Excerpted data section start
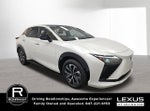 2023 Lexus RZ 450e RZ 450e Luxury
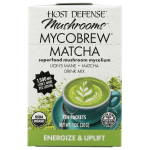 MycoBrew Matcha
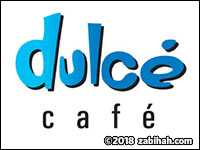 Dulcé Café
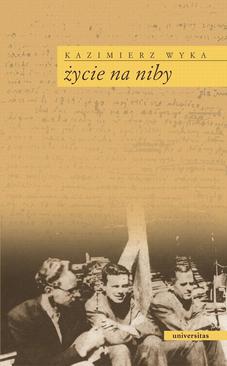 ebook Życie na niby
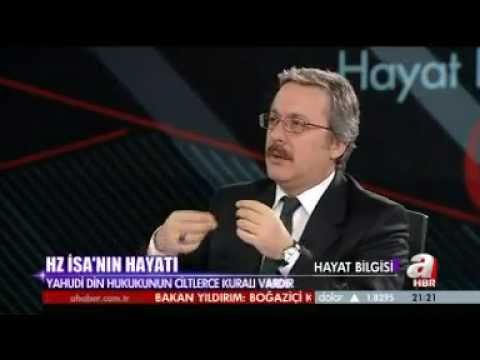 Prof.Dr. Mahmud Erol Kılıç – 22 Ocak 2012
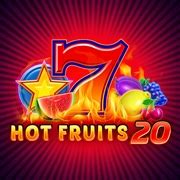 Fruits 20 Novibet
Excerpted data section end
Excerpted data section start
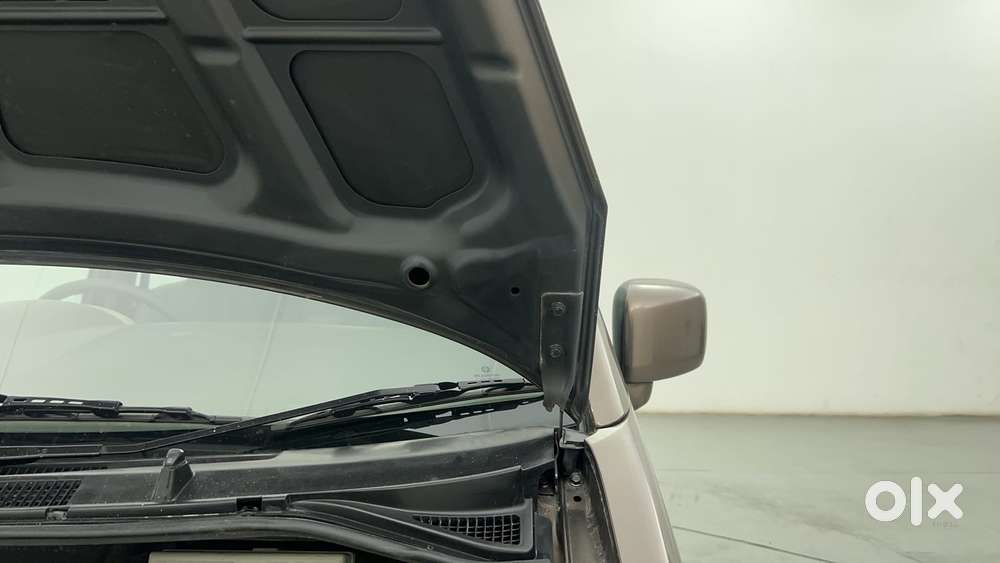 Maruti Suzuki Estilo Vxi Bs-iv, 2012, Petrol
Excerpted data section end
Excerpted data section start
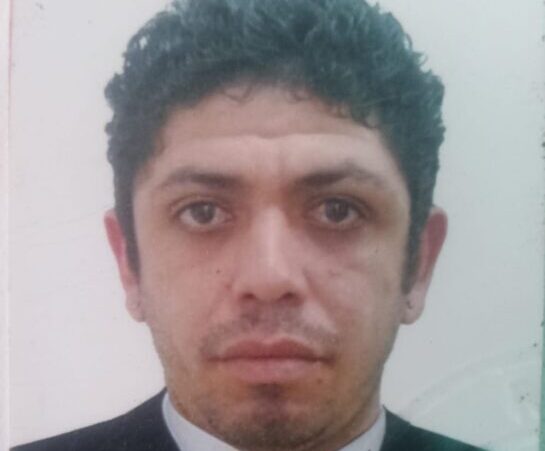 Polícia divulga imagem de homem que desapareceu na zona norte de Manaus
Excerpted data section end
## Activity
Once the line with "ebook Życie na niby" is found above, transcribe each line from it through the line with "Fruits 20 Novibet", exactly, and omit the pictures.

## Written reply
 ebook Życie na niby
 Prof.Dr. Mahmud Erol Kılıç – 22 Ocak 2012
 Fruits 20 Novibet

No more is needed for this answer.